With all the talk of automated hedge fund replication and hedge fund “cloning” these days, it’s easy to discount the role of that apparently antiquated technology, the human being, in hedge fund management.
Now Jonathan Treussard of Boston University claims that while robotic algorithmic trading is a critical element of any hedge fund replication technique, “it may come at a high price in terms of adaptivity, dynamic flexibility and risk selection“.
Jut don’t let the robot union find out that human fund managers might be coming back for their jobs!
Human capital is, of course, the scarce resource underlying most hedge fund strategies. And exceptions to this rule are generally the ones most scared of the concept of hedge fund replication. Treussard argues that human capital, not investment strategy per se is the reason for “the industry’s remarkably high remuneration structure“.
Previous studies such as this one cited by Treussard have also suggested that there is a certain je ne sais quoi in high alpha-producing hedge funds that can be attributed to human ingenuity.
So which funds and strategies can benefit most from using this exotic technology called “humans”? Treussard says ones that make “trades for which there is a significant amount of uncertainty regarding the speed of convergence or the chances of divergence.”
He illustrates mathematically that a hedge fund’s “discounted lifetime expected value” is essentially the difference between the cost of a trade and its pay-off less human capital. Human capital creates greater certainty about the timing and volatility of trades and thus creates option-like, positively-skewed returns. Therefore, says Treussard, the “optimal” amount of human capital would be an amount high enough to increase the pay-off without blowing the operating budget of the hedge fund.
“…a higher commitment of resources to the retention of human capital allows the fund to make more informed trades (i.e., more human capital raises the value of the implicit quasi-option)…”
Last fall, in an Economist-inspired posting on “talent”, we said that new activities often require human capital in the beginning, but eventually progress toward semi-automation:
“Long ago, ‘transformational’ jobs may have required a lot of judgment. After all, converting copper into bronze tools sounds pretty complex to me. The cave man that figured this out must have been pretty talented.
But new technologies and processes eventually moved the cave men up the learning curve until bronze became a commodity. This cycle of commoditization, where previously complex tasks become commonplace (and inexpensive) reminds us of Pranay Gupta and Jan Straatman’s paper on ‘commoditized’ and ‘non-commoditized’ beta (first brought to our attention by our friend Richard Kang at Seeking Alpha). These two ABP executives argue that alpha is just beta that hasn’t been commoditized yet. They might also argue that ‘tacit’ jobs are just ‘transformational’ jobs that haven’t been commoditized yet.”
Unlike us, however, Treussard backs up his beliefs using extensive mathematical proofs that make heavy use of calculus and outnumber words on many of the study’s pages. The only number we could come up with was in the date field produced by WordPress.

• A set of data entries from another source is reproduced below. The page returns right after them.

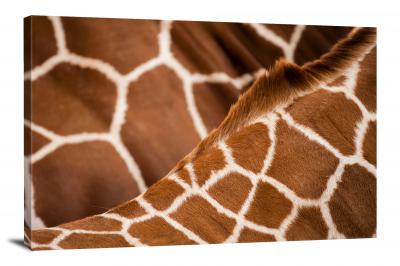 CW7038-macro-giraffe-patterns-00
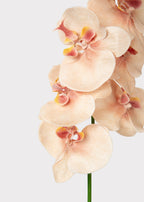 Fake Blooming Phalaenopsis Orchids in Peach Pink - 40"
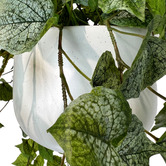 pollen &amp; fauna 100cm Potted Faux Hanging Philo Bush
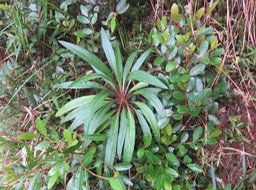 1 Plante mystère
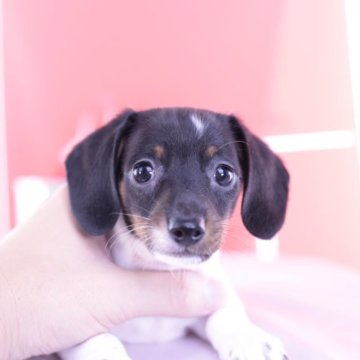 ミニチュアダックスフンド(スムース)【愛知県・女の子・2023年8月25日・ブラックタンパイボールド♡】の写真「希少カラー💗PRA安心💗」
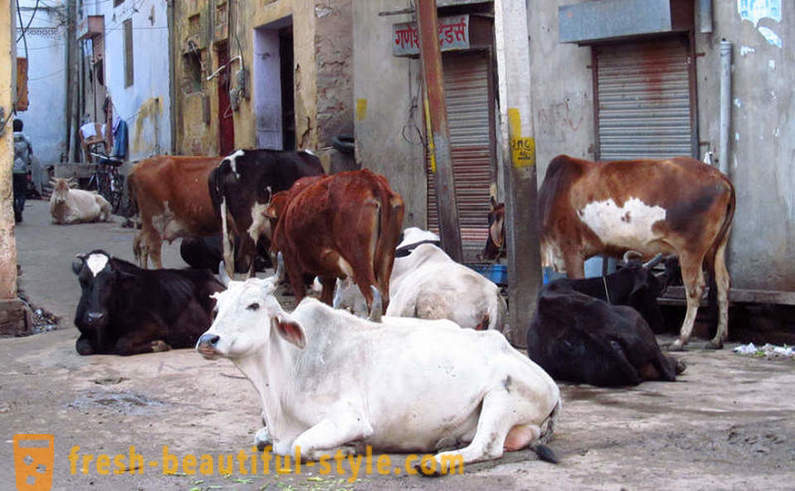 Stray kyr - en av Indias problemer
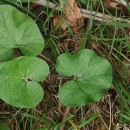 Petasites pyrenaicus (L.) G. LópezPetasites pyrenaicus (L.) G. López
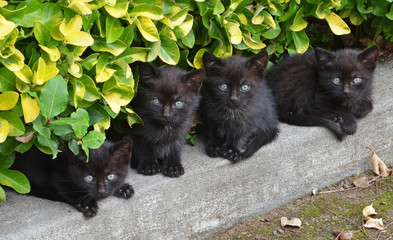 piccoli gatti neri fratelli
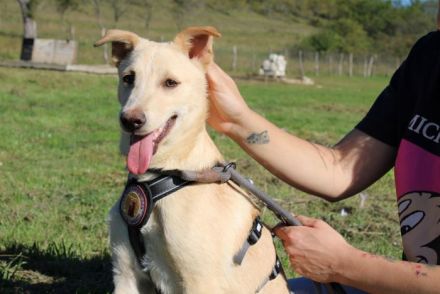 Vorsichtiger Tjark sucht sicheren Hafen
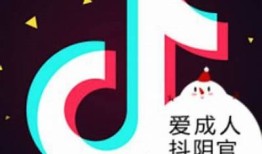 抖阴邪恶软件下载：揭秘隐藏功能与使用技巧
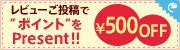 ӥ塼500ݥȥץ쥼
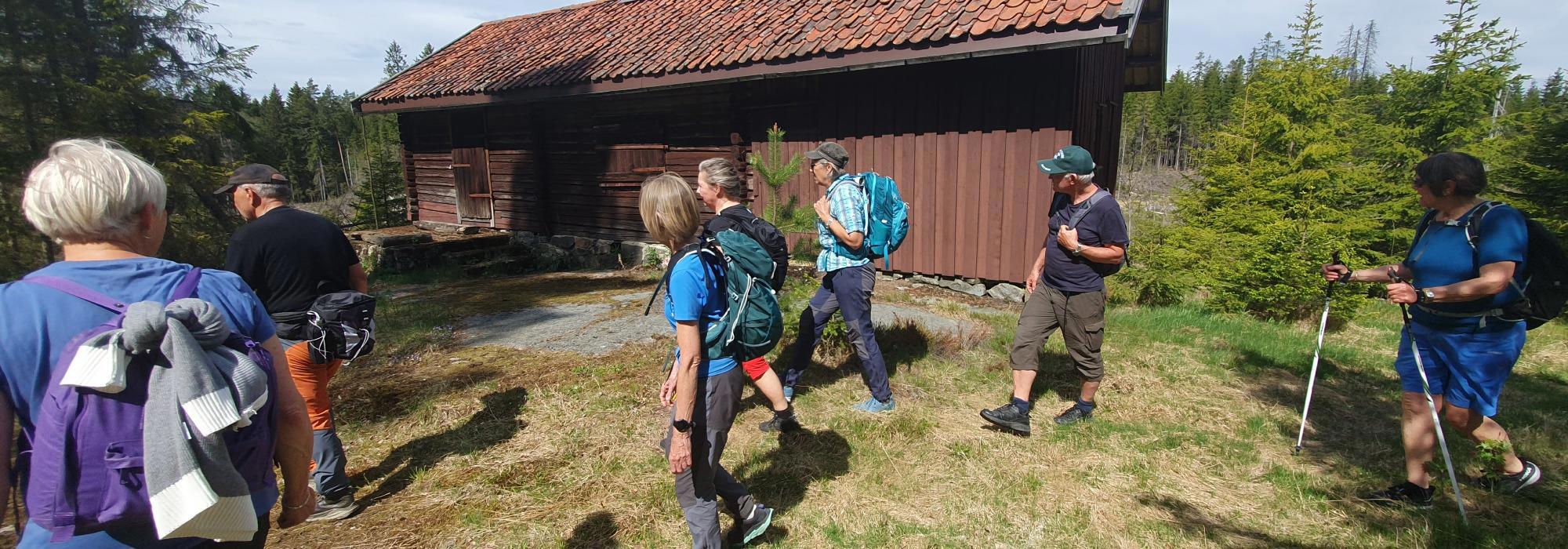 Gaupesteinmarka fra sør til nord. NB: START KLOKKEN 10:00.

Treussard takes the broad concept of human capital to a molecular level and shows how human capital can actually be measured and evaluated. Since trades are constantly being commoditized and investment opportunities constantly being arbed away, it seems that human capital may be the only sustainable competitive advantage available to hedge fund companies in the future. In Treussard’s words:
“Hedge funds, traditional and clones, are faced with the evaluation of an ongoing flow of potential arbitrage opportunities. Each fund must decide those on which to trade and those on which to pass. What distinguishes funds is the quantity of human capital employed in this evaluation and decision-making process.”